Source data
□ □ □ □ □
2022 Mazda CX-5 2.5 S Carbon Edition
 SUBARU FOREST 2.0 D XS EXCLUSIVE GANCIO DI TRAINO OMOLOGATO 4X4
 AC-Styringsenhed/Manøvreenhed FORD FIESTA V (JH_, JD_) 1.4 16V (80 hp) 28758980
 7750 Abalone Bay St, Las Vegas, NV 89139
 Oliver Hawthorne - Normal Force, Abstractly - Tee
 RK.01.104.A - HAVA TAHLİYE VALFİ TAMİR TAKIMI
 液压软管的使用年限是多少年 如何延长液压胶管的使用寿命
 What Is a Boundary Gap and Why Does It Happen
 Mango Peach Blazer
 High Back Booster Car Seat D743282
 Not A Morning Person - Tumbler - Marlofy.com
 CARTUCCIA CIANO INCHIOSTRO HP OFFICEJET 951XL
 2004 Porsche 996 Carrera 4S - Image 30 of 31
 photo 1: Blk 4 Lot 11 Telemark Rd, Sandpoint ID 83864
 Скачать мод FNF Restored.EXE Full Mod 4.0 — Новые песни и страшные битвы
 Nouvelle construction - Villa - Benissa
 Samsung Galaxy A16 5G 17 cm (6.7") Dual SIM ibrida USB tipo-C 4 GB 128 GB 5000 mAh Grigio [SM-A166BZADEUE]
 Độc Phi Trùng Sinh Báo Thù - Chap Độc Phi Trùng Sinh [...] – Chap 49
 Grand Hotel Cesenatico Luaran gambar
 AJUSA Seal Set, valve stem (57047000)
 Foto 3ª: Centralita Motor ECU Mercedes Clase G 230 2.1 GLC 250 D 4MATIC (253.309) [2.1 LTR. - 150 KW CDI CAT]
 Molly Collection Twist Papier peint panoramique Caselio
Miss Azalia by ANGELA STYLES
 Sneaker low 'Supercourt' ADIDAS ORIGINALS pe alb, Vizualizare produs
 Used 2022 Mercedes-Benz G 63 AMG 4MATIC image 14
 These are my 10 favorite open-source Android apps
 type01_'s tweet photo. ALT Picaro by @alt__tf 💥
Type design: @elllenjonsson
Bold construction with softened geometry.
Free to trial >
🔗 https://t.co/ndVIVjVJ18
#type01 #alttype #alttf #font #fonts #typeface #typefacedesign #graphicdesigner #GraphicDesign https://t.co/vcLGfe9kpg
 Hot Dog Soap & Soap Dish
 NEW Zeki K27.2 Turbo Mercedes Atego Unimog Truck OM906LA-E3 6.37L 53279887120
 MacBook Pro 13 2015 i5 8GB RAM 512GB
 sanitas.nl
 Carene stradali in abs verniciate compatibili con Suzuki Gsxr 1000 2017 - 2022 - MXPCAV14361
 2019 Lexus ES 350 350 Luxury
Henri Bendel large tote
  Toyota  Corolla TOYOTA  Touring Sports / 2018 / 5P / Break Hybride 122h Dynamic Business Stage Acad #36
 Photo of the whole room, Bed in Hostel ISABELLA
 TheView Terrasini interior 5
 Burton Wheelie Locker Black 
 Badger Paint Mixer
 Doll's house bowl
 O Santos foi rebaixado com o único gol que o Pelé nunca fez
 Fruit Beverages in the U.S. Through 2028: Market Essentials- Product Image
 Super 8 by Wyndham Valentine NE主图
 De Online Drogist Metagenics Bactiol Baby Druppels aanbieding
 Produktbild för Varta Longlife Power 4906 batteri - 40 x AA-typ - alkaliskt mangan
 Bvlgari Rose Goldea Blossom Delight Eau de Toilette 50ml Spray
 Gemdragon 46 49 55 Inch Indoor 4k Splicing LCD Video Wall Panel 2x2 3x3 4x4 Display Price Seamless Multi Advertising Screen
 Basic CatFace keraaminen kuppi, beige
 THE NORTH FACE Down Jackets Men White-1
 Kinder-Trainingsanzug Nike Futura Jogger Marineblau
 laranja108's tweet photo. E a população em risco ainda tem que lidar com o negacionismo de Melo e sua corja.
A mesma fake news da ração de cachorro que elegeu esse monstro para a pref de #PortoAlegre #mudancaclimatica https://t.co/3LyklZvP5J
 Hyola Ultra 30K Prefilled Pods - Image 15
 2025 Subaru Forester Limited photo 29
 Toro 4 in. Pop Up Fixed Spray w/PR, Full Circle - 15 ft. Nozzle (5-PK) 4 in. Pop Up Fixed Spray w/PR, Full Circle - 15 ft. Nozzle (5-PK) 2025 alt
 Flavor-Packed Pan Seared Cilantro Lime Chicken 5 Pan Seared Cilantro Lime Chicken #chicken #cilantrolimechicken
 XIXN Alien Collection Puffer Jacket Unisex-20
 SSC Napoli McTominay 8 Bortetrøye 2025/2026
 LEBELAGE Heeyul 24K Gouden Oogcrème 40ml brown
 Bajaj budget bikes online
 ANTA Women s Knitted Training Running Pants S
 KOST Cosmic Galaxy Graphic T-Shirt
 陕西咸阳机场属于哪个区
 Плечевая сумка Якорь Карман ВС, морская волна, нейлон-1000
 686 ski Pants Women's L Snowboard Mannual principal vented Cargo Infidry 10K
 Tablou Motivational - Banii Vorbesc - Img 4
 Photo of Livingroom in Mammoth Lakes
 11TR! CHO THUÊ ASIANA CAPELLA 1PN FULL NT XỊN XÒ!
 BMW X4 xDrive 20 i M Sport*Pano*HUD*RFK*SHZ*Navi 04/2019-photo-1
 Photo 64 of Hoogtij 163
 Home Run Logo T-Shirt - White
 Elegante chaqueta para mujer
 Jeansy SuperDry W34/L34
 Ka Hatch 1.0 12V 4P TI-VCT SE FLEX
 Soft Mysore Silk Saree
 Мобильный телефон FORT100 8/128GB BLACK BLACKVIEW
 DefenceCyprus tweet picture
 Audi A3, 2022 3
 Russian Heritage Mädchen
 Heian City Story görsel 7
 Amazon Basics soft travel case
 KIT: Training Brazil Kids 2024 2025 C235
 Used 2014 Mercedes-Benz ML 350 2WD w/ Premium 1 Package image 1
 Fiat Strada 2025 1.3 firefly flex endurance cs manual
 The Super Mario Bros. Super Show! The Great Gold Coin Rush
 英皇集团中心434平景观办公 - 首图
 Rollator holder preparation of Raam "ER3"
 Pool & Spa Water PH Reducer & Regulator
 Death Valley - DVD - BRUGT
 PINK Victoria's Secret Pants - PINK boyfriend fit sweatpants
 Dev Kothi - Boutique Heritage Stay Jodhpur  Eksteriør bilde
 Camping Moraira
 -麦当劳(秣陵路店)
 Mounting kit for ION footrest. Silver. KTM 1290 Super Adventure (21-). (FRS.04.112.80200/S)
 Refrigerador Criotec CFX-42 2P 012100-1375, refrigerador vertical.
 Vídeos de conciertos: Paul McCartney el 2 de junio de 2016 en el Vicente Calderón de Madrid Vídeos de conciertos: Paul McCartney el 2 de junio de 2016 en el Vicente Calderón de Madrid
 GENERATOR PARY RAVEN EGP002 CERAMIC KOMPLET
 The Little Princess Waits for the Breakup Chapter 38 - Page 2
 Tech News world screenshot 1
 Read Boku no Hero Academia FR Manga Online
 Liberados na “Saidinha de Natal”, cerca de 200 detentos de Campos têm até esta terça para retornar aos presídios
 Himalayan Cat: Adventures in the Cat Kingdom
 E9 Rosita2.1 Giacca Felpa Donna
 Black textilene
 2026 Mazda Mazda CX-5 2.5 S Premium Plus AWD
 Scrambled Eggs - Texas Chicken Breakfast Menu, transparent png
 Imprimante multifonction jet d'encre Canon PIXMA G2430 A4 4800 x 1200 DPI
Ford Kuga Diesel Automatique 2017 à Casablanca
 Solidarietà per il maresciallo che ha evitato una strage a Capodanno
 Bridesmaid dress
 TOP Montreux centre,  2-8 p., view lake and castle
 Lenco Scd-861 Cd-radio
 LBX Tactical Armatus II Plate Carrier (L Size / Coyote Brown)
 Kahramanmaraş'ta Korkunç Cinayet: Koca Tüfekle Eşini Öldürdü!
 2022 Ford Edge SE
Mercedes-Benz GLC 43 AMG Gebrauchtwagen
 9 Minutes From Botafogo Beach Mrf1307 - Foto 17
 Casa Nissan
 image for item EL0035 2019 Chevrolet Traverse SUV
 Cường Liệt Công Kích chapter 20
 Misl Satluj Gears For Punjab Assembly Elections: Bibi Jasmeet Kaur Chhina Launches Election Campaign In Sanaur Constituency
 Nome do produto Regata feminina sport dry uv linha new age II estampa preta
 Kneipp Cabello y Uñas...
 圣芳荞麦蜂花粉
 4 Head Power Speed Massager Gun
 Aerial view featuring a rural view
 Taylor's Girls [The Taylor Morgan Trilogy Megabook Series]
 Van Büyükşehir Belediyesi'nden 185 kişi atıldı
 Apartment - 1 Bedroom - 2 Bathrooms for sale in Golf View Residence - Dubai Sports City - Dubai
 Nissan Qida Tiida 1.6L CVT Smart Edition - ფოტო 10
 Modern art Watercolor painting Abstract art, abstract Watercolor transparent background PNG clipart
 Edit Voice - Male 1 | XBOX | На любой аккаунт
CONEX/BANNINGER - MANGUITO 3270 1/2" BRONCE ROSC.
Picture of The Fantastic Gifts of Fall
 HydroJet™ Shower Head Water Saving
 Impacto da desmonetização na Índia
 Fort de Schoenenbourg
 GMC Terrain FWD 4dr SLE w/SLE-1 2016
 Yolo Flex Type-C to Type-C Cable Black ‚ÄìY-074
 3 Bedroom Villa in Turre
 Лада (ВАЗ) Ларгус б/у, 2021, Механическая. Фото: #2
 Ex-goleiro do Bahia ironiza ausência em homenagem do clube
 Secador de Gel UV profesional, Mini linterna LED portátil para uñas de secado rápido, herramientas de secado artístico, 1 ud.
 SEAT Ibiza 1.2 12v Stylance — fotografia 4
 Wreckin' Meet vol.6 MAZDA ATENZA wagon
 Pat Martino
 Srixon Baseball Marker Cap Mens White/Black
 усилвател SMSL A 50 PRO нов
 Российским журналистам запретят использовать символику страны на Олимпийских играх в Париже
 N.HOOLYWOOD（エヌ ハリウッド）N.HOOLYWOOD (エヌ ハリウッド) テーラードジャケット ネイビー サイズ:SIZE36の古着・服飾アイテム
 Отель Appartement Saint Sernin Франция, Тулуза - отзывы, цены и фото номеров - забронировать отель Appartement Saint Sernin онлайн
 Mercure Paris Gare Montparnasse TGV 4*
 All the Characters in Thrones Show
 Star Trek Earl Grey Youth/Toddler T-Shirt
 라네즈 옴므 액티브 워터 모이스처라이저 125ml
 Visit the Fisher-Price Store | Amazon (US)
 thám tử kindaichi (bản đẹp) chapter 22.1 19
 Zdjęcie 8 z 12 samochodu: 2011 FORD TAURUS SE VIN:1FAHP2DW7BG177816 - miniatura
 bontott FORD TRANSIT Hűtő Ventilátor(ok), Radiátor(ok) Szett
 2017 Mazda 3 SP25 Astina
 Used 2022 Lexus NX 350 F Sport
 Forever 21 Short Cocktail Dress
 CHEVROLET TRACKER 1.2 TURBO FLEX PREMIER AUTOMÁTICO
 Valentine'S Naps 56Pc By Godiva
□ □ □ □ □
▶ **WHAT YOU ARE ASKED TO DO**
The lines above from the one with "Srixon Baseball Marker Cap Mens White/Black" through the one with "Zdjęcie 8 z" are to be duplicated exactly, ends included, with nothing added.

▶ **EXERCISE RESULT**
 Srixon Baseball Marker Cap Mens White/Black
 усилвател SMSL A 50 PRO нов
 Российским журналистам запретят использовать символику страны на Олимпийских играх в Париже
 N.HOOLYWOOD（エヌ ハリウッド）N.HOOLYWOOD (エヌ ハリウッド) テーラードジャケット ネイビー サイズ:SIZE36の古着・服飾アイテム
 Отель Appartement Saint Sernin Франция, Тулуза - отзывы, цены и фото номеров - забронировать отель Appartement Saint Sernin онлайн
 Mercure Paris Gare Montparnasse TGV 4*
 All the Characters in Thrones Show
 Star Trek Earl Grey Youth/Toddler T-Shirt
 라네즈 옴므 액티브 워터 모이스처라이저 125ml
 Visit the Fisher-Price Store | Amazon (US)
 thám tử kindaichi (bản đẹp) chapter 22.1 19
 Zdjęcie 8 z 12 samochodu: 2011 FORD TAURUS SE VIN:1FAHP2DW7BG177816 - miniatura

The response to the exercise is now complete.